• DATA SECTION

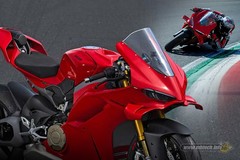 new-ducati-panigale-v4-pakai-kakikaki-motogp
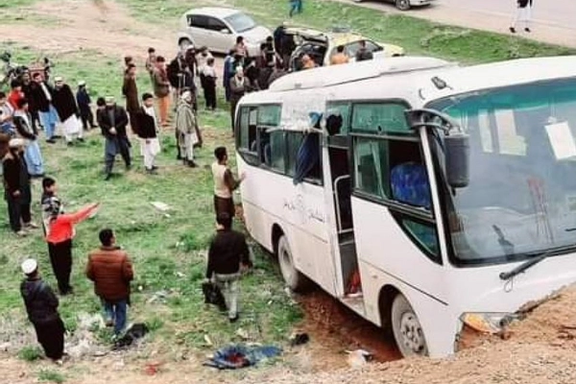 در حمله به خودروی حامل استادان و دانشجویان دانشگاه بغلان، دستکم دو نفر کشته شدند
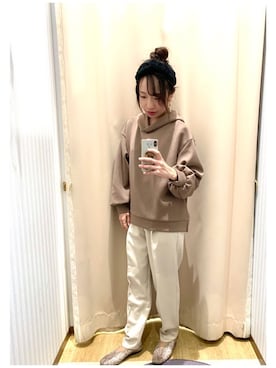 「earth music&ecology（アースミュージックアンドエコロジー）のハイウエストテーパードパンツ ＊（その他パンツ）」を使った、yuuuboooさん（レディース・158cm）の秋コーディネート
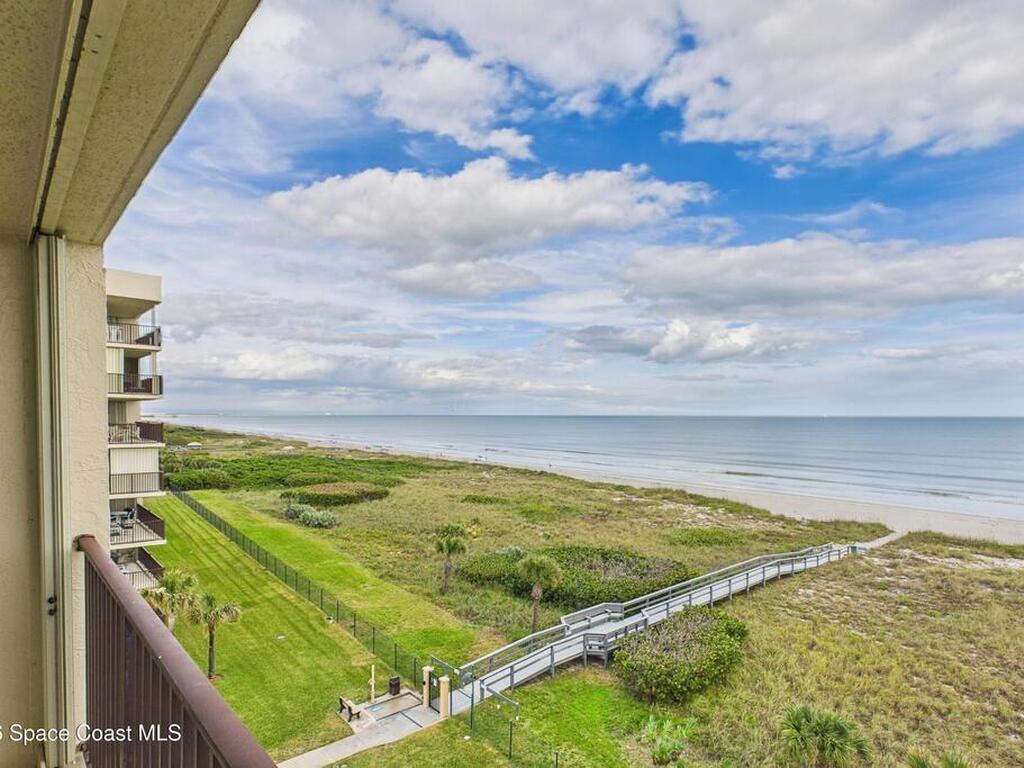 1860 N Atlantic Avenue, Cocoa Beach, FL 32931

• EXERCISE
Return the full material word for word. Do not include the pictures.

• ANSWER FOR THIS EXERCISE
 new-ducati-panigale-v4-pakai-kakikaki-motogp
 در حمله به خودروی حامل استادان و دانشجویان دانشگاه بغلان، دستکم دو نفر کشته شدند
 「earth music&ecology（アースミュージックアンドエコロジー）のハイウエストテーパードパンツ ＊（その他パンツ）」を使った、yuuuboooさん（レディース・158cm）の秋コーディネート
 1860 N Atlantic Avenue, Cocoa Beach, FL 32931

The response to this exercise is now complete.